21st January 2016
The European Central Bank sat tight on Thursday at its January policy meeting and kept interest rates on hold.
In the face of near zero inflation, ECB president Mario Draghi held rates at their negligible level of 0.05% while the overnight deposit rate was left in negative territory at -0.3%, after being cut from -0.2% in December.
It does appear that the ECB is willing to take rates lower as its statement commented that interest rates are expected ‘to remain at present or lower levels for an extended period of time’.
However in terms of its stimulus measures Draghi indicated that the Governing Council was unanimous in the need to review the policy stance in March, which come across as significant given the divisions that occurred over the December measures.
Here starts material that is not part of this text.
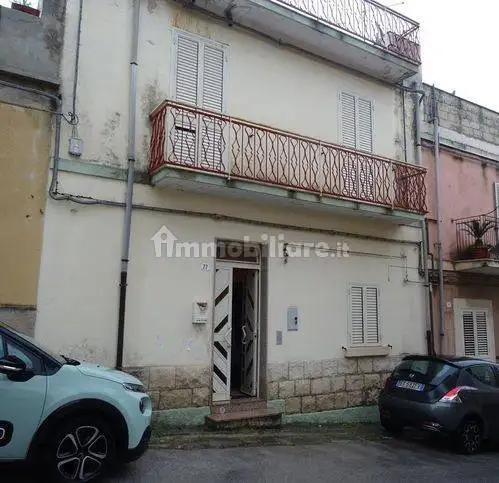 Villa in vendita a Modica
Draghi stated that there are no limits to how far the ECB is willing to deploy all the instruments available to it under its mandate to get consumer price inflation up to near 2%.
The ECB has already extended running its Quantitative Easing (QE) program to “at least the end of March 2017.
Howard Archer, chief UK and European economist at IHS Global Insight said he believes there is a good chance that the ECB will step up its monthly spend on assets from the current level of €60bn.
“However, there is clearly a significant bloc within the Governing Council, led by the German contingent that is against more QE,” added Archer. “While Draghi gave no indication as to what actual measures the ECB could introduce in March, it looks likely that it will include another trimming of the deposit interest rate.”